The Margaria–Kalamen power test, or Margaria–Kalamen stair climb is a short exercise intended to measure an athlete's lower body peak power by having the athlete run up stairs.

==Purpose==
The Margaria–Kalamen test is an assessment that monitors athlete’s strength and power of lower extremities and helps coaches to see if the athlete’s training program is effective. This test was introduced by J Kalamen (1968) and is a variation of the original Margaria step test developed by Rudolfo Margaria (1966).

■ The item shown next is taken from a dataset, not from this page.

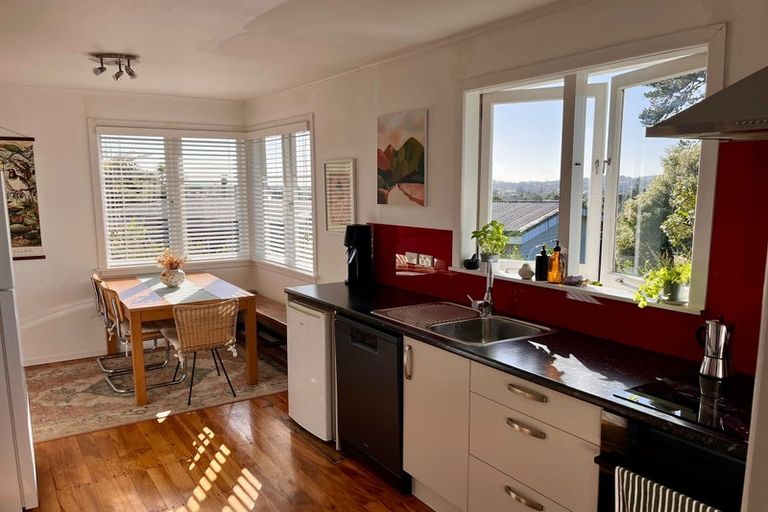 Photo of property in 28 Roland Hill, Glen Eden, Auckland, 0602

The test is of very short duration, lasting less than five seconds, so is both anaerobic and alactic. The Margaria–Kalamen test has been a standard test for determining peak power for some time, and at one time was thought to be a measure of the power of the pure alactic anaerobic system. However, it is now thought that even on such a short test, there is still a significant contribution from the lactic anaerobic system.

==Procedure==
The test is conducted by having the athlete run up a flight of at least nine steps. Each step is around 17.8 cm (7 inches) tall, but it does not have to be exact, the height is taken into account in the calculation of power. The athlete starts six metres from the bottom of the steps and then runs up them three at a time, stepping on the third, sixth and ninth steps. The interval between the athlete placing a foot on the third and ninth step is timed. This time interval is very small (of the order of one second), and it is difficult to get accurate results with a stopwatch. Because of this, in a professional setting, it is usual to place pressure mats on the third and ninth steps and use these to respectively start and stop an electronic timer.

The power, P, exerted by the athlete is calculated by,

$P = {m g h \over t}$
where,
m is the mass of the athlete
h is the vertical height between the third and ninth steps
t is the time between stepping on the third and ninth steps
g is acceleration due to gravity, approximately 9.81 m/s^{2}

To obtain power in units of watts, that is, SI units, the mass must be expressed in kilograms and the time in seconds.

American football coaches use a slight variation of this test. In the football stair climb test the athlete runs up twenty steps four at a time.